Has Bombardier broken into the duopoly?
Delta’s order, together with the earlier Memorandum of Understanding subscribed by Air Canada, is enough market validation for the CSeries that it will at least begin to make Airbus and Boeing sweat. For nearly two decades, since Boeing merged with McDonnell-Douglas in 1998, the two major airframers have dominated the large (>120 seats) narrowbody and widebody aircraft markets, with no other manufacturer gaining more than a 5% share in planes above 120 seats.
This dominance began when the Boeing 737 Next-Generation family was launched in 1998 to join the Airbus A320, as the McDonnell-Douglas MD-80 was on its final legs. In the intervening years, neither Russia (the MS-21) nor China (the C919) managed to build a credible competitor and no one else even tried.
Simultaneously, Bombardier and Embraer were building scale (although not necessarily profitable business models) on the back of regional and small mainline jets ranging from 50-110 seats. Particularly, the Embraer E190 found a home as the smallest model in larger fleets that also featured 737s or A320s. But neither carrier really crossed paths with Boeing and Airbus, lacking the financial might to do so… until Bombardier took the plunge with the CSeries.
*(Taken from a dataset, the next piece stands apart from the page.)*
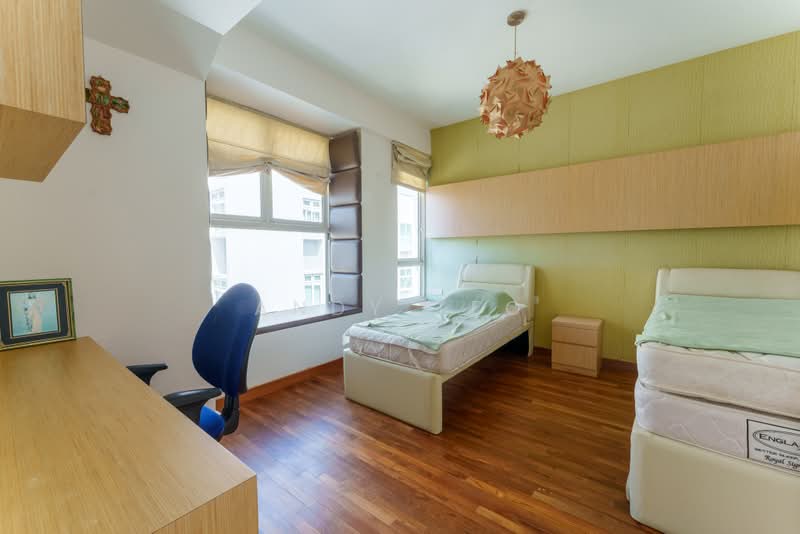 Monterey Park Condominium, 21 West Coast Rise, 3 Bedrooms, 2,055 sqft, Condominium For Rent, by Andy Teo, 500240847 - Bedroom - PropertyGuru.com.sg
The CSeries is truly a great aircraft from a technical and economic perspective, leveraging the same engine technology as the A320neo and 737 MAX with a decades younger clean-sheet fuselage and other optimizations that Airbus and Boeing cannot match to date.
Even though the CSeries has had a rough go of it from a sales perspective due to a mixture of market factors and its own missteps, it wins pretty much any head-to-head contest with an Airbus or Boeing airplane in the same class.
We personally have spoken to three or four airlines, which have held off on pulling the trigger on the CSeries for fears about Bombardier’s financial future, and questions over whether the aircraft would ever reach critical mass of production.
Hopefully for Bombardier, Delta can be for the CSeries what Eastern Air Lines was for Airbus and the A300 back in the 1970s. We are big fans of the CSeries and its operational capabilities and economics, and we believe that it would be a good fit for several airlines in the United States and around the world. Delta may just be the order to kickstart the CSeries program.
Now, we expect to see more good news for the program, perhaps as early as the Farnborough Air Show this July, which will coincide with the Entry into Service with SWISS, now scheduled to take place on July 15.